EXERCISE OBJECTIVE =>
Could you set down the listing below exactly, leaving out its pictures?

DATASET SECTION =>
=== Section Start ===

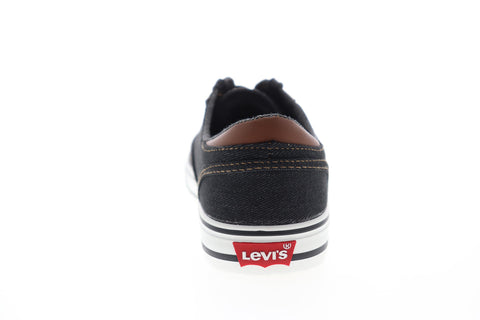 Levis Ethan Denim II 518481-41A Mens Black Canvas Lifestyle Sneakers Shoes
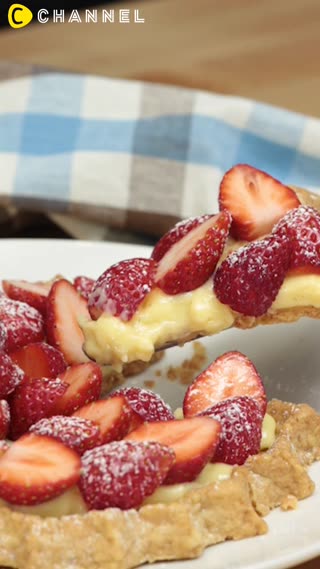 沒有模型也OK！現在吃最對時的草莓塔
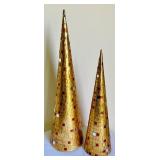 Golden and Amber Decor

=== Section End ===

SOLUTION FOR THIS TASK =>
 Levis Ethan Denim II 518481-41A Mens Black Canvas Lifestyle Sneakers Shoes
 沒有模型也OK！現在吃最對時的草莓塔
 Golden and Amber Decor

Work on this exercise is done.